§ Assignment: The records below are to be reproduced exactly, with the pictures left out.

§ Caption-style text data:
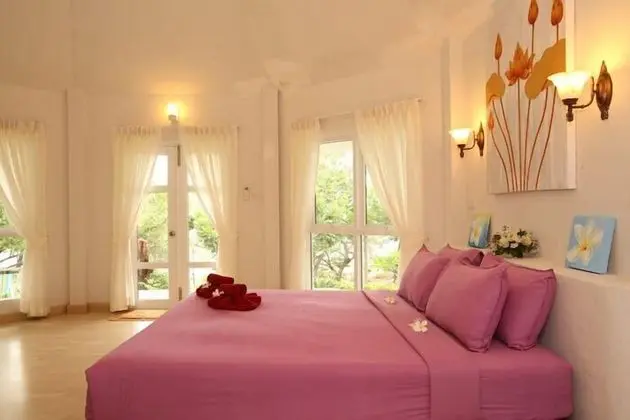 Beach front deluxe cottage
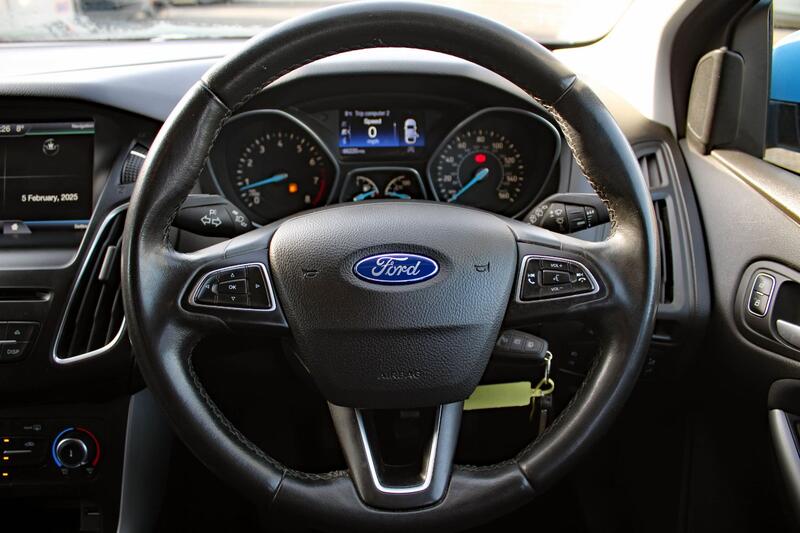 FORD FOCUS 1.0 T EcoBoost Zetec 2016
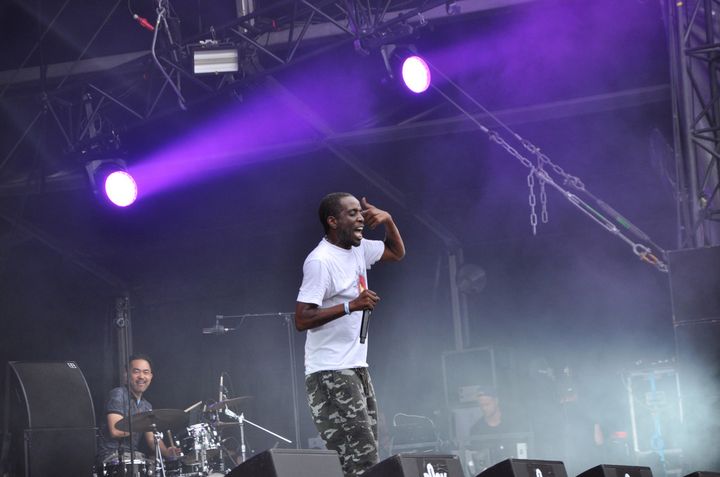 Imani de The Pharcyde Live Band, mythique groupe de rap des années 1990, vendredi 25 août sur la scène Cascade de Rock en Seine.
 (Olivier Flandin / FTV)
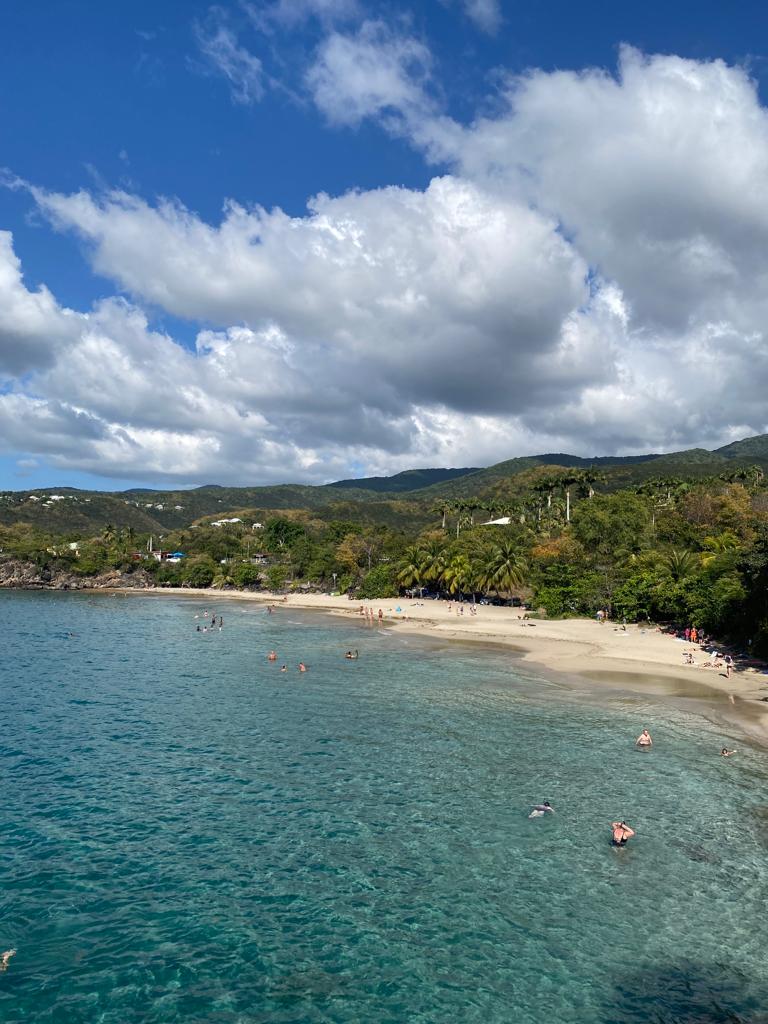 La plage de Leroux à Ferry, eau turquoise et sable clair au sud de Deshaies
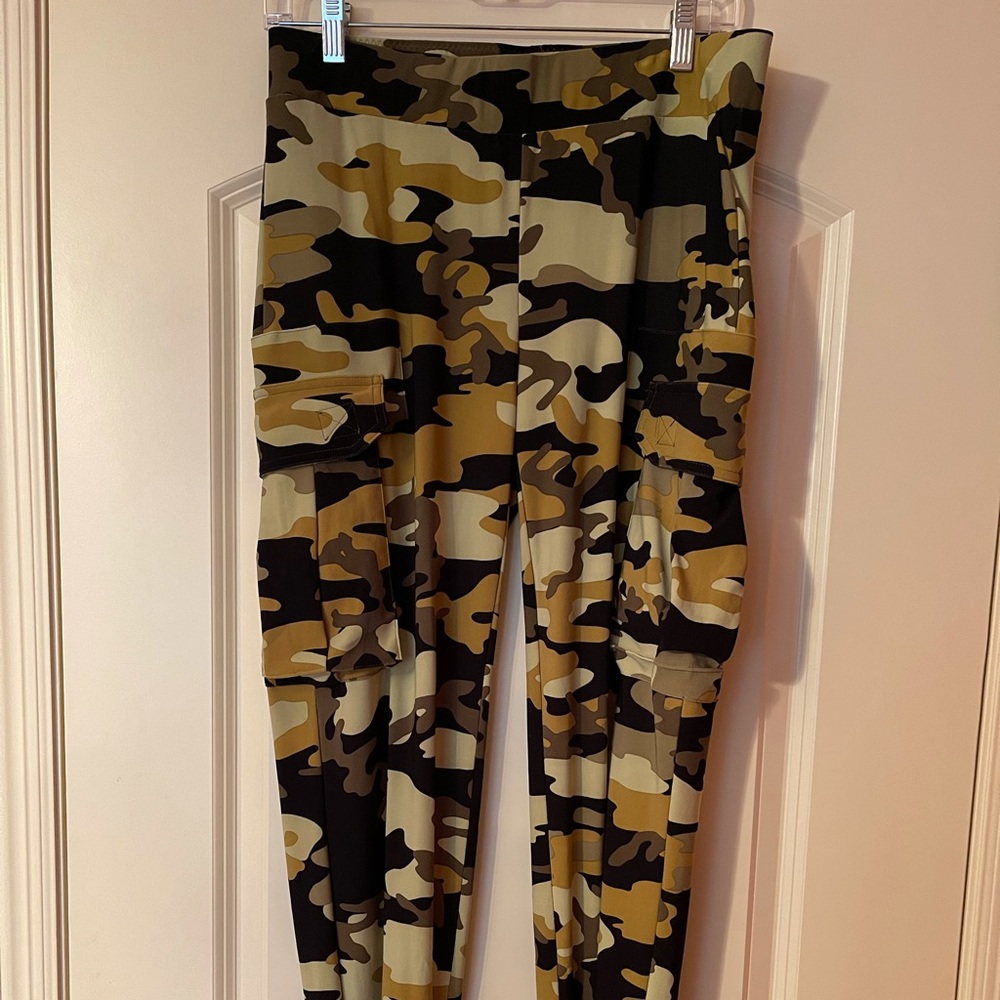 Norma kamali Cargo Pants in size small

§ Expected answer:
 Beach front deluxe cottage
 FORD FOCUS 1.0 T EcoBoost Zetec 2016
 Imani de The Pharcyde Live Band, mythique groupe de rap des années 1990, vendredi 25 août sur la scène Cascade de Rock en Seine.
 (Olivier Flandin / FTV)
 La plage de Leroux à Ferry, eau turquoise et sable clair au sud de Deshaies
 Norma kamali Cargo Pants in size small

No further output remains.